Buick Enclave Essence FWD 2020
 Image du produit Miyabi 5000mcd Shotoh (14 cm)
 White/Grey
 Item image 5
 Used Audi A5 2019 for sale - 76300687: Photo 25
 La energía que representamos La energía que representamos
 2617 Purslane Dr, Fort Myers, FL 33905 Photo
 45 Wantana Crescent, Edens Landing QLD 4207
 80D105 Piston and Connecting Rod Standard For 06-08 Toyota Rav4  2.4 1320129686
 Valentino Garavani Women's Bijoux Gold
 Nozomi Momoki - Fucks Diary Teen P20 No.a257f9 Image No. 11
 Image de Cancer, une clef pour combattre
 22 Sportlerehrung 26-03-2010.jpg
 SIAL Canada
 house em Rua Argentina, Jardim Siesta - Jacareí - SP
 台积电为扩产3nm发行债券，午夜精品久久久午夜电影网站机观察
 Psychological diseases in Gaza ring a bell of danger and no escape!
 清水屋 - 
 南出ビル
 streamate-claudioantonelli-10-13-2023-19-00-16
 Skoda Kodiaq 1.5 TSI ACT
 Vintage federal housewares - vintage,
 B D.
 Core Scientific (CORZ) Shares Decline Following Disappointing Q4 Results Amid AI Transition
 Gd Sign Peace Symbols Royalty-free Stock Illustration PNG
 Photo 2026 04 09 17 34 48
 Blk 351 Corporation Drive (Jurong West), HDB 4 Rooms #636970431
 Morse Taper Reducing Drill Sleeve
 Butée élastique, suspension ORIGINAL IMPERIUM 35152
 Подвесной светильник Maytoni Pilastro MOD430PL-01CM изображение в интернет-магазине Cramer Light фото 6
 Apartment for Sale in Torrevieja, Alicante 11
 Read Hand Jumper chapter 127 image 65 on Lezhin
☆ ☆ ☆ ☆ ☆ ☆ ☆
> TASK BRIEF: All that is wanted is the line with "house em Rua" and every later line in the entries, reproduced exactly.

> EXERCISE SOLUTION:
 house em Rua Argentina, Jardim Siesta - Jacareí - SP
 台积电为扩产3nm发行债券，午夜精品久久久午夜电影网站机观察
 Psychological diseases in Gaza ring a bell of danger and no escape!
 清水屋 - 
 南出ビル
 streamate-claudioantonelli-10-13-2023-19-00-16
 Skoda Kodiaq 1.5 TSI ACT
 Vintage federal housewares - vintage,
 B D.
 Core Scientific (CORZ) Shares Decline Following Disappointing Q4 Results Amid AI Transition
 Gd Sign Peace Symbols Royalty-free Stock Illustration PNG
 Photo 2026 04 09 17 34 48
 Blk 351 Corporation Drive (Jurong West), HDB 4 Rooms #636970431
 Morse Taper Reducing Drill Sleeve
 Butée élastique, suspension ORIGINAL IMPERIUM 35152
 Подвесной светильник Maytoni Pilastro MOD430PL-01CM изображение в интернет-магазине Cramer Light фото 6
 Apartment for Sale in Torrevieja, Alicante 11
 Read Hand Jumper chapter 127 image 65 on Lezhin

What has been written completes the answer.